Now, I do have some basic woodbuilding and carpentry skills but I'm no cabinet maker. So I'm sure many of you could do this too, but I thought I'd diarize this a little. I've taken an approach that is a bit of a small rage in woodworking circles that I think is really applicable for homebrewers.

The crux of it is this - build the basic collar out of MDF and skin it with paper-backed wood veneer. Apply the veneer using the wood glue and ironing technique.

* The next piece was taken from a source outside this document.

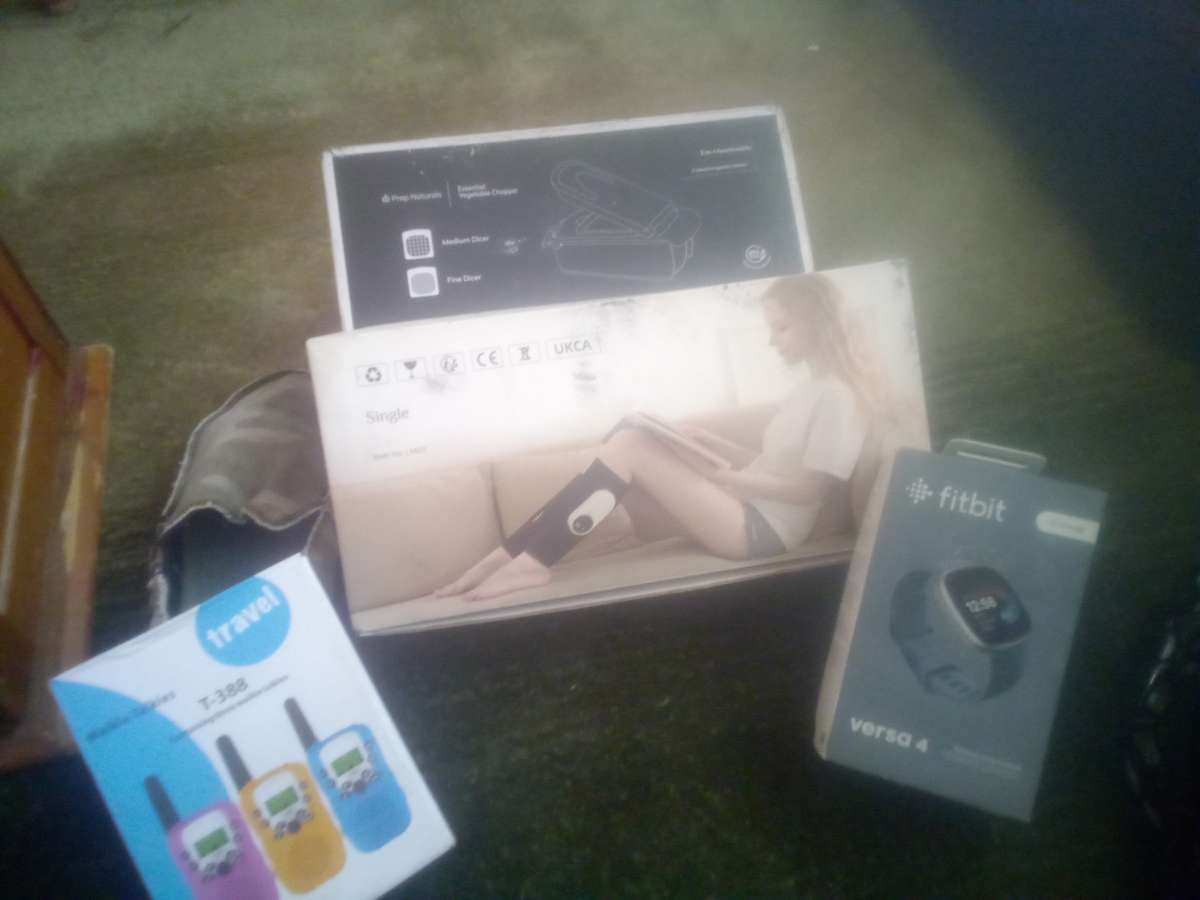 hair straightener ndryer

I've read about and watched videos about the ironing technique but mostly I saw reference that it was to be used for only small pieces. Less than 1ft sq. No so!
This is an awesome and easy way to apply veneer. You simply apply the right kind of PVA wood glue (Titebond II) with a roller to each surface to be bonded, then let it dry. Once dry the pieces can be positioned and manipulated because unlike contact cement, dry wood glue does not stick to itself. A clothes iron is used to apply heat and pressure causing the two layers to bond.

Why do it this way?
- contact cement stinks. A lot!
- contact cement is unforgiving. The moment it touches it is permanently bonded.
- contact cement is famous for delaminating
- ironing allows really good point pressure application and eliminates air bubbles beautifully.
Granted the odor free contact cement is a little easier to work with, but the bond is less secure. And it's still unforgiving.
- Using veneer allows one to use all kinds of beautiful and fancy woods that would otherwise be too expensive and difficult to work with.
- MDF is incredibly easy to work with and inexpensive. It has no grain or knots to affect machining and has a perfectly smooth surface for veneer application.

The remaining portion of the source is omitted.